His words were echoed by Korea Chamber of Commerce and Industry Chairman Park Yong-maan and Korea Federation of SMEs Chairman Kim Ki-mun.
Also, a number of online petitions have been made at Cheong Wa Dae’s website demanding that Lee be released, gaining more than 66,000 signatures as of 2 p.m. Monday. Another petition calling for stern punishment for Lee, on the other hand, had some 1,600 signatures.
The case of the Samsung Electronics vice chairman goes back to the former Park Geun-hye administration and the power-rigging scandal that led to Park’s impeachment in late 2016. The Samsung chief was charged with bribing Park’s former confidant, then known as Choi Soon-sil, to obtain the government’s help in securing control of Samsung Group.

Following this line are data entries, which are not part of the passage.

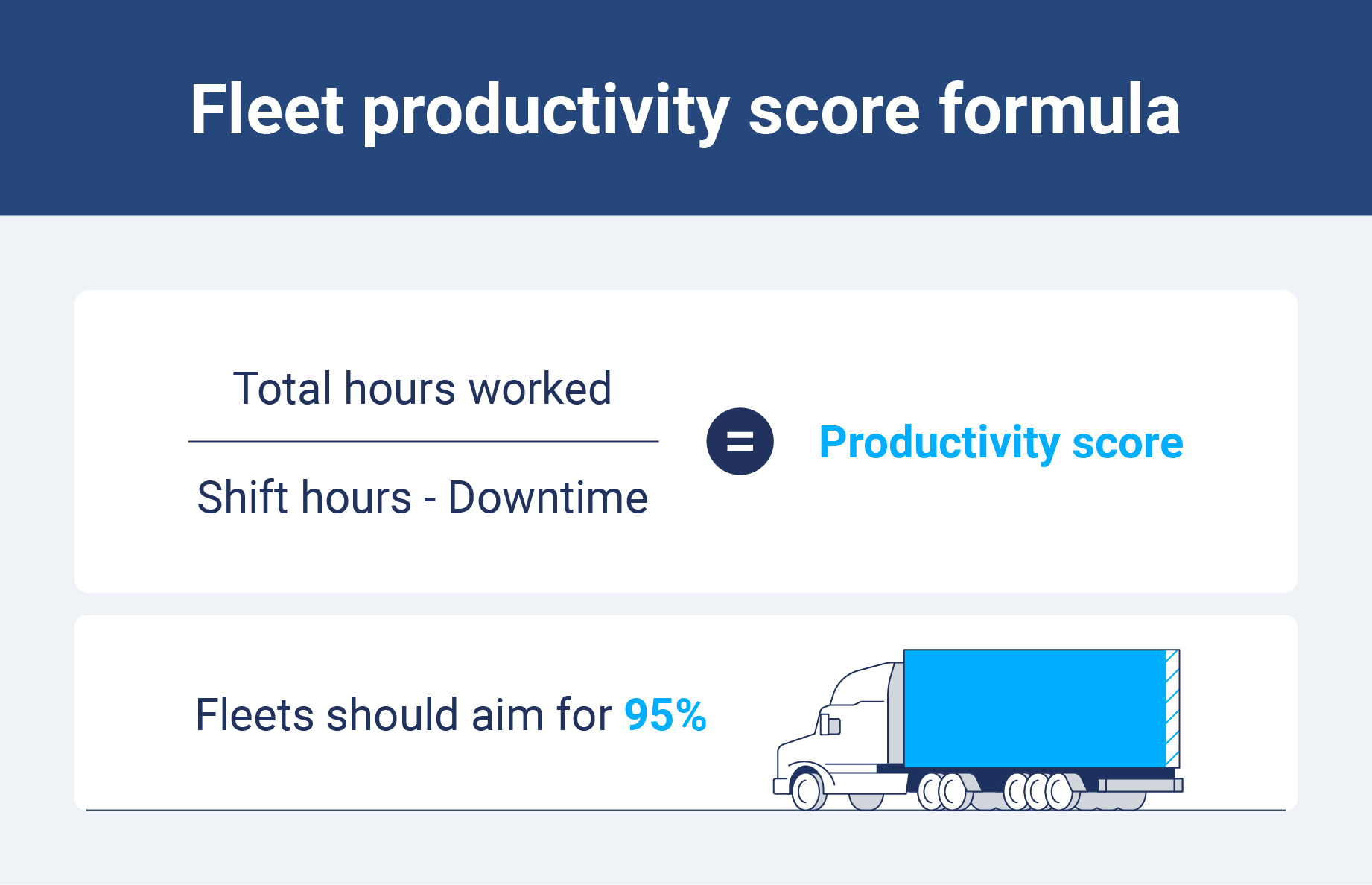 Fleet productivity score formula: (Total hours worked) / Shift hours - Downtime) = Productivity score
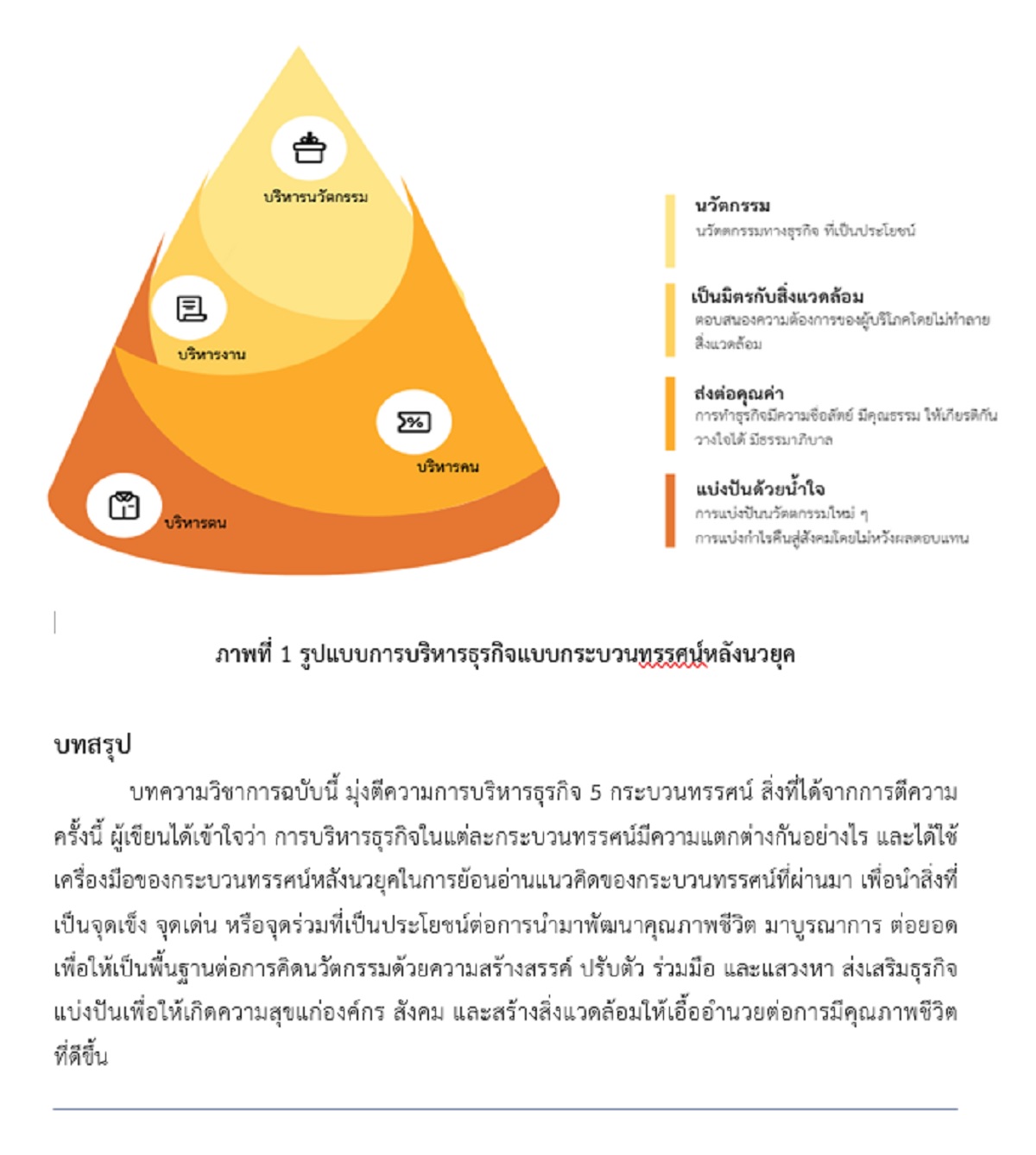 รูปแบบการบริหารธุรกิจแบบกระบวนทรรศน์หลังนวยุค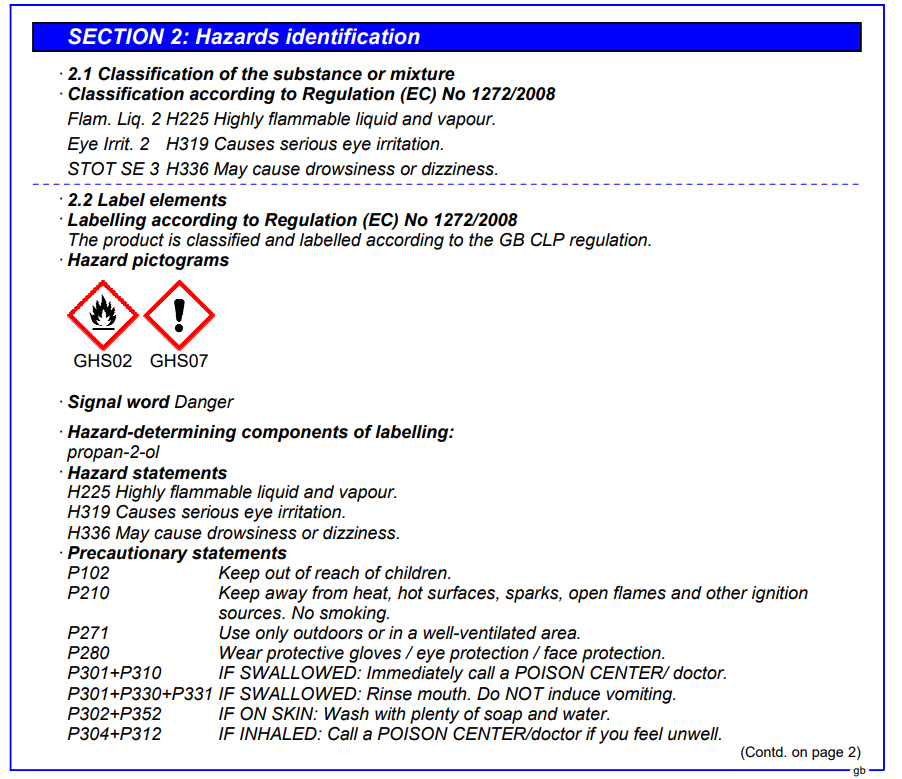 Cleanprimer Adhesion Improver OTTO® 1226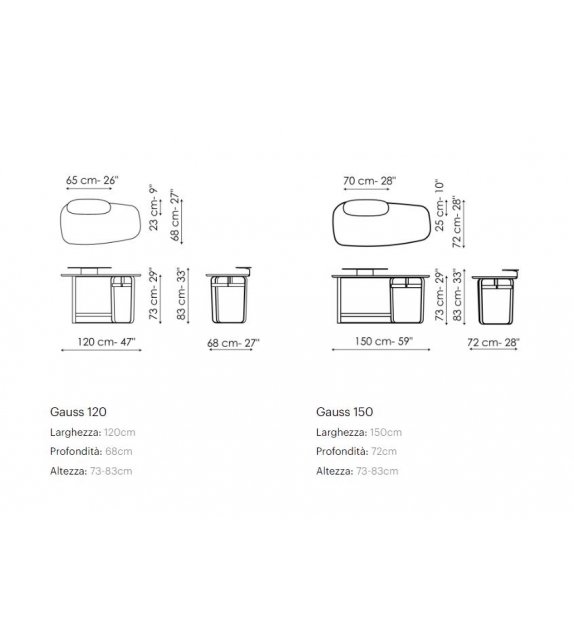Gauss Bonaldo Bureau
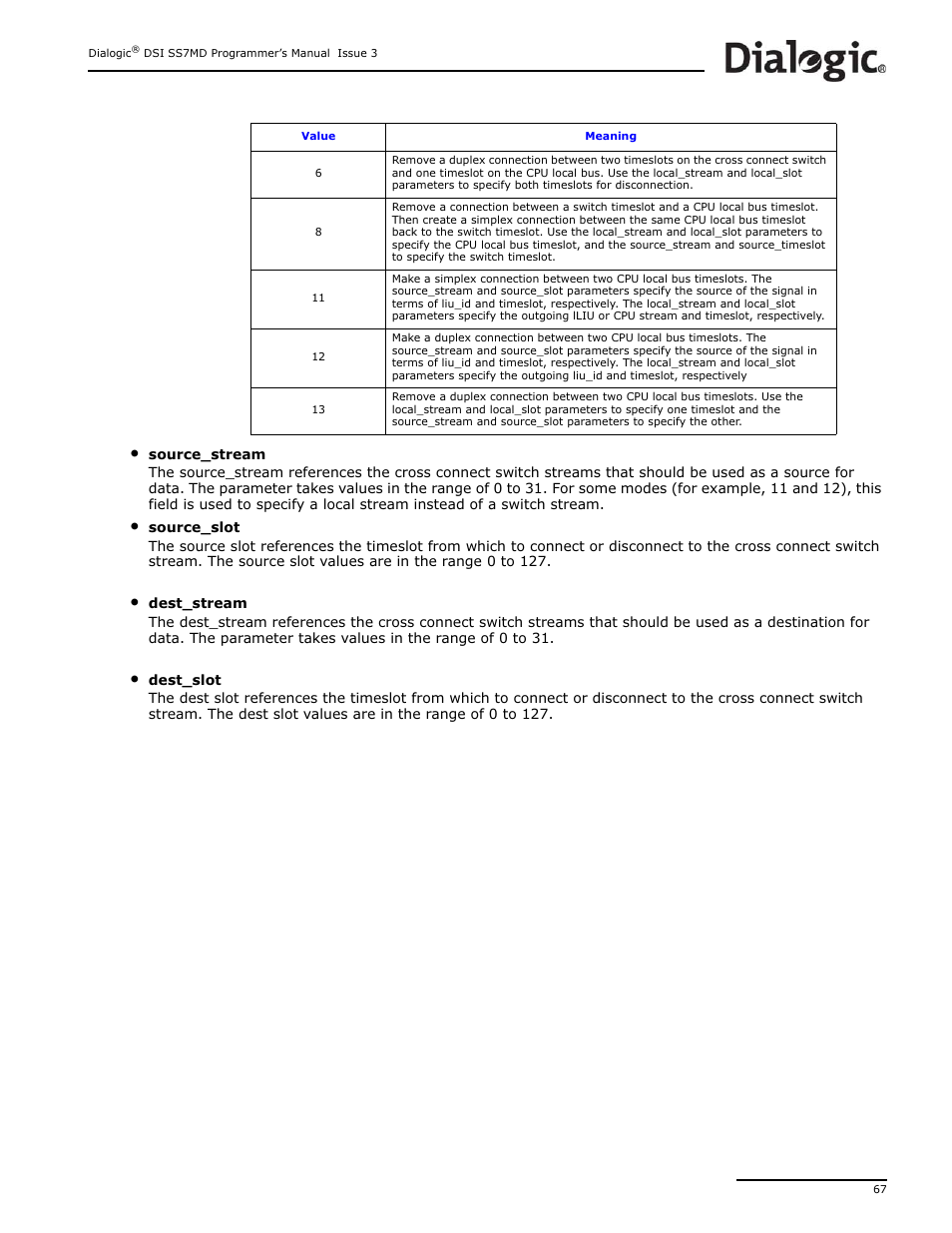 Dialogic DSI SS7MD User Manual | Page 67 / 191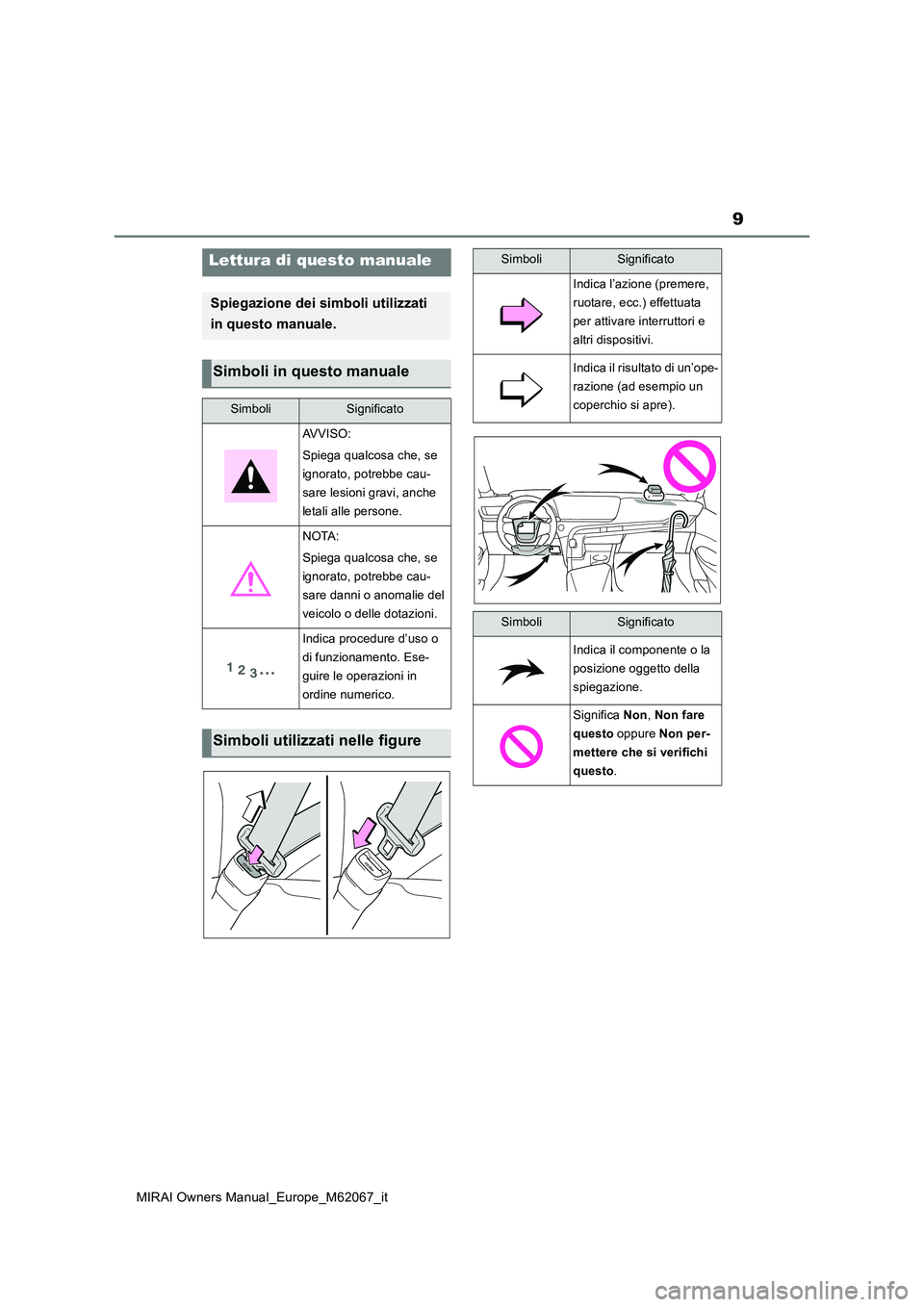 TOYOTA MIRAI 2020  Manuale duso (in Italian) 9
MIRAI Owners Manual_Europe_M62067_it
Lettura di questo manuale
Spiegazione dei simboli utilizzati  
in questo manuale.
Simboli in questo manuale
SimboliSignificato
AVVISO: 
Spiega qualcosa che, se  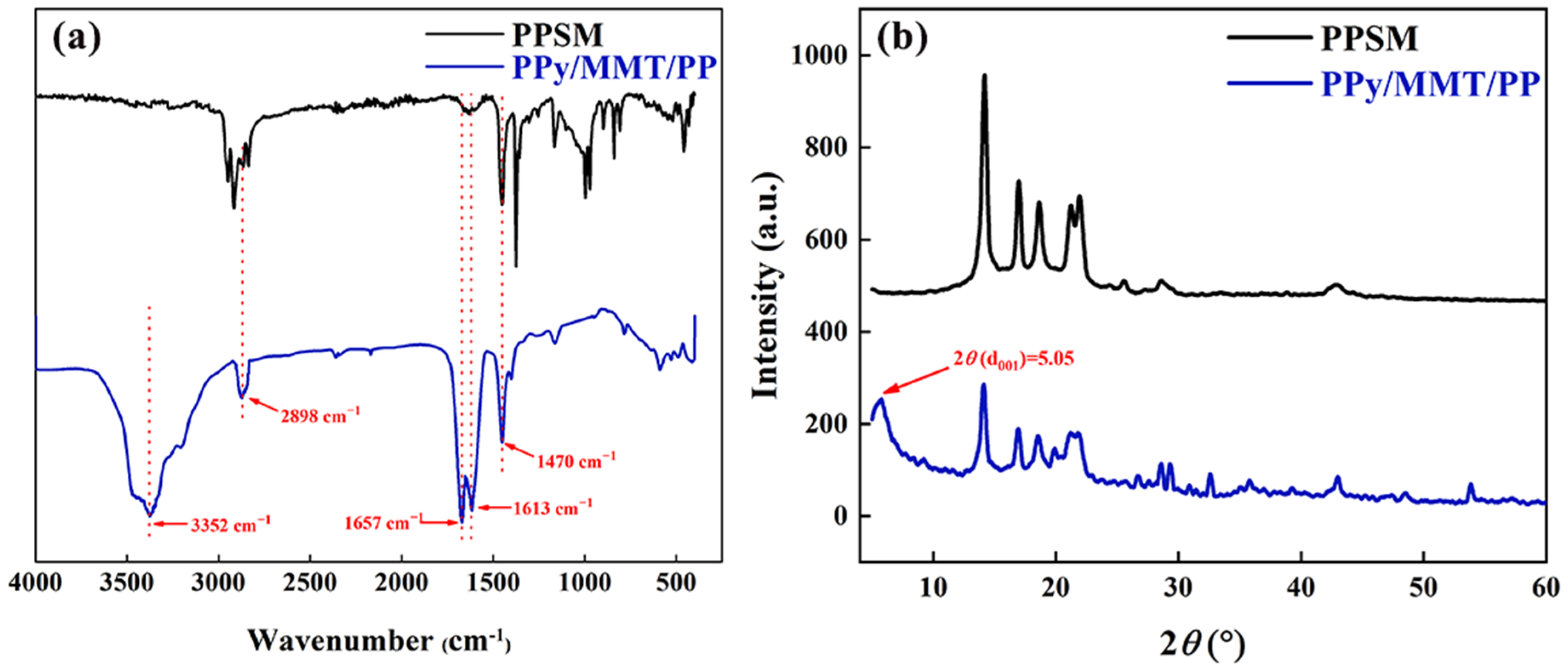 Polymers 17 01158 g005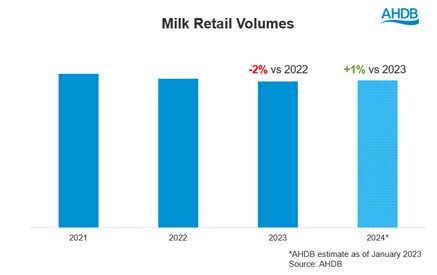 Milk retail volumes shows 1% growth for 2024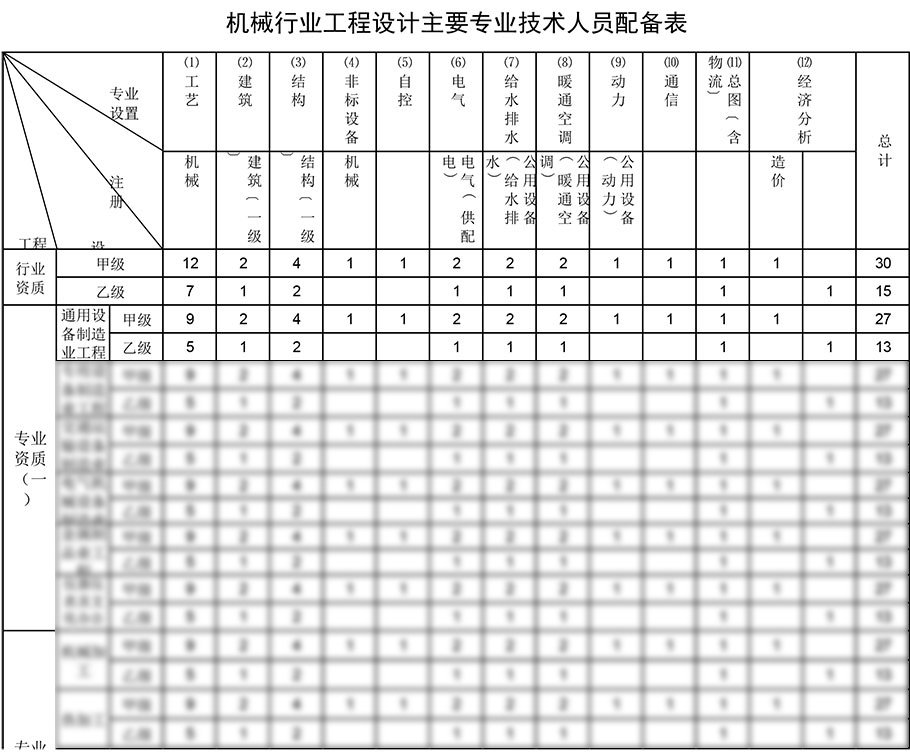 通用設備制造業(yè)工程設計資質人員配備表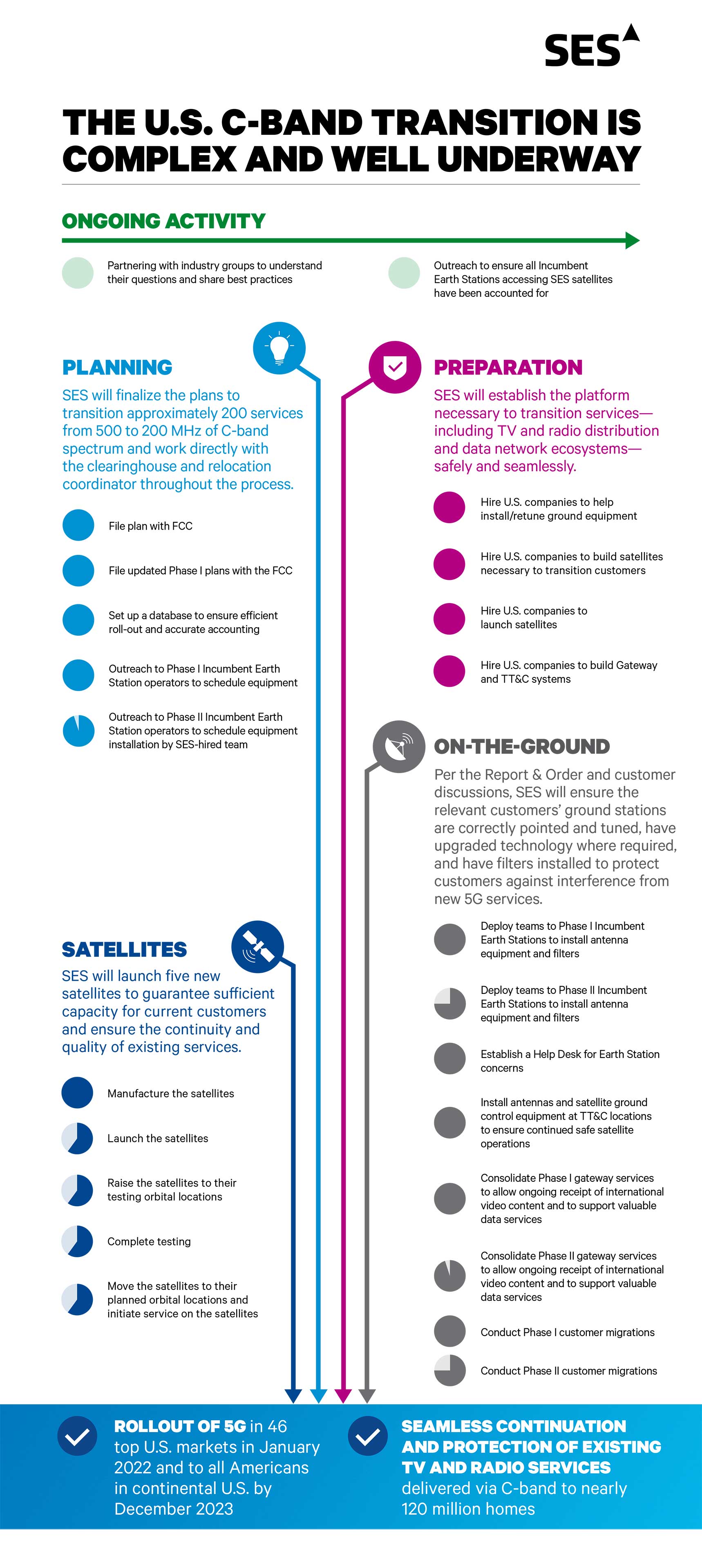 SES-C-Band-Transition-Infographic-011123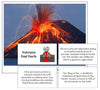 Volcano Fast Facts
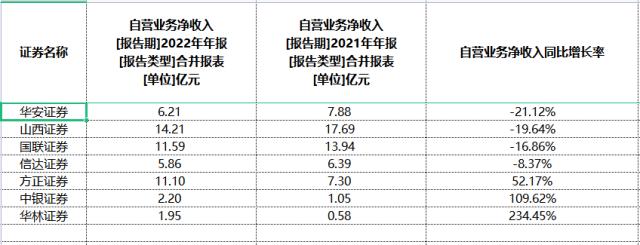 自营盘拖累明显！去年逾九成券商盈利“滑坡” | 上市公司年报大解读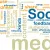Social Media Marketing и его предназначение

He was initially sentenced to five years in prison in 2017, but was freed the following year after an appellate court reduced the term to 2 1/2 years, suspended for four years.
The case reached the Supreme Court but was returned to the appellate court in 2019 as the top court decided that some key bribery charges had been omitted. Samsung had also spent 3.4 billion won ($3.08 million) to purchase horses for Choi’s daughter and made a separate donation to a sports foundation, bringing the total amount to 8.6 billion won.
During the final hearing in late December, prosecutors demanded a nine-year term, down from the previous 12 years called for during the first and second trials.
Delivering his final statement, Lee expressed regrets and vowed to atone for his wrongdoings.
“I had to sit down with former President Park while I was in a difficult situation after my father suddenly collapsed. I will never repeat such an act again,” Lee said.
“I want to make a new Samsung that fits the country’s status, and repay my respected father.”
Following his father’s death in October, Lee was expected to be promoted to chairman after the retrial procedure wrapped up.